Still gathering data on the mpg but I don't think it'll be far off what Chris said.

Mk 2 - 2.0HDi so fuel economy comparisons are not relevant. I have found that if you take the official combined figure and take away 10% that's not a bad comparitor.

Regards pedal positions, yes! Only (!) a size 9, but when wearing boots for work it's easy to hit both pedals. You get used to it over time, but not the best bit of design ever.
With the pedals I've noticed the same thing. I wear size 11 in UK terms and have the same problem. Sometimes hit brake and gas together. It has gotten better with time as I learn how to position my feet but in the beginning it was a bother. Can't help on the mileage figures as I have an HDi.
2010 Berlingo Multispace HDi 110 with FAP.  Persamos green.

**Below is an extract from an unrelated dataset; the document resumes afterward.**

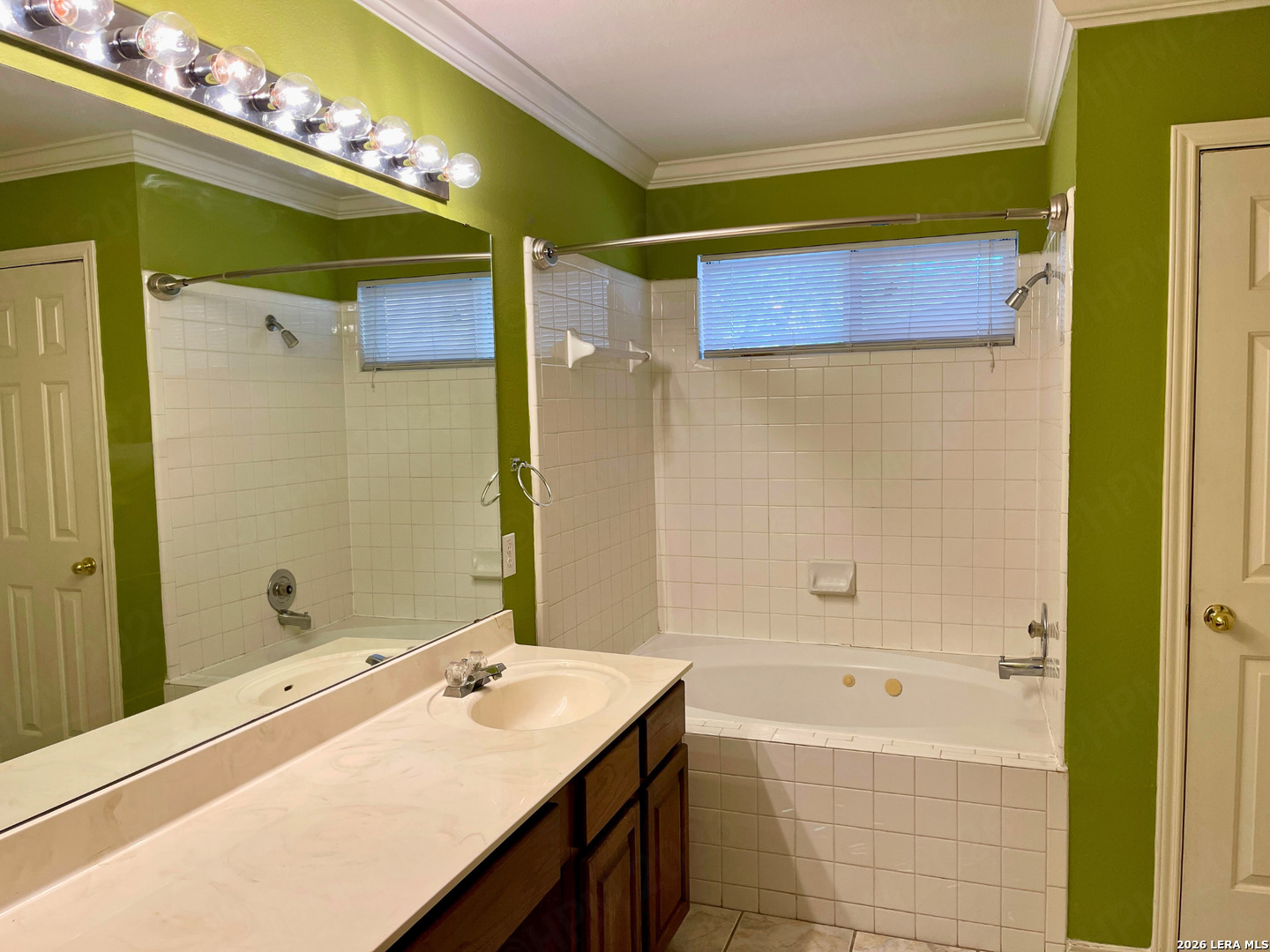 12219 Stable Rd Drive San Antonio, TX 78249 - Photo 15 of 21 a bathroom with a granite countertop sink a mirror and a bathtub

The peddle issue must be a MK2 thing, on my MK1 I drive with size 10 work boots and never catch the peddles.
Somedays you're the pigeon, Somedays you're the statue.
Thanks for the replies guys,

The shock for us is that we are coming from over 15 yrs of Diesel ownership (Escort 1.8 Est - 50mpg pretty much whatever you did with it over 110000 miles - Xantia 1.9TD 43mpg consistently, pug 307Sw 2.0HDi - 45mpg - and the last 6 years ina Skoda octavia Estate - 1.9Tdi - 52mpg - with 60 possible using economy driving.

We did not all the comments on Particulate Filters etc - and these did contribute to our avoidance of both the Hdi 1.6 and the Doblo diesel too.

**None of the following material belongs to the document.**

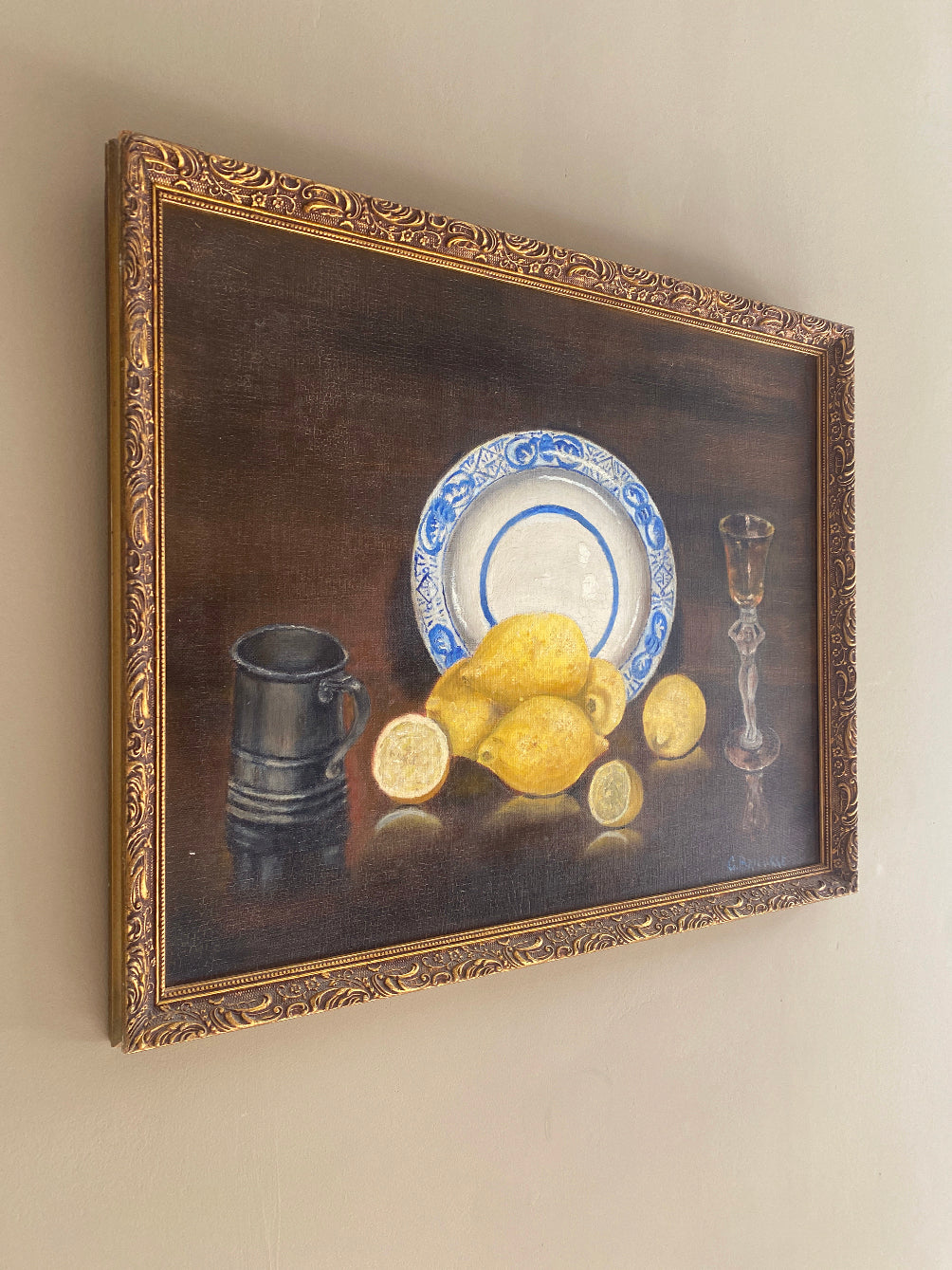 a vintage oil painting in a gold gilt frame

I have always bought cars for the long run - and expected 200k miles from diesels (and happily nearly acheived this with both the Escort and the Xantia - but this was in the days of 15-20k miles per year.

Now looking at only 5k per year so the fuel costs are not such an issue - and getting such a low mileage petrol has hopefully given us the longevity we want.

So - Plan

Give good thrashing (am soooo out of practice revving an engine - as haven't needed to for years)
It hasn't been serviced for a year (and has done a whole 1200 miles since the last one!)
Get aquainted with under the bonnet - Check for small mammals in Air filter - change sparks.
Give it a couple more tanks then re-evaluate.

...oh and wear smaller shoes.
I like the pedals being close together, it makes for nice heel and toe gear changes [Image: smiley_driving.gif]
2005 Berlingo Multispace 1.6i Desire (Iron Grey)

If everything seems to be going well, you have obviously overlooked something.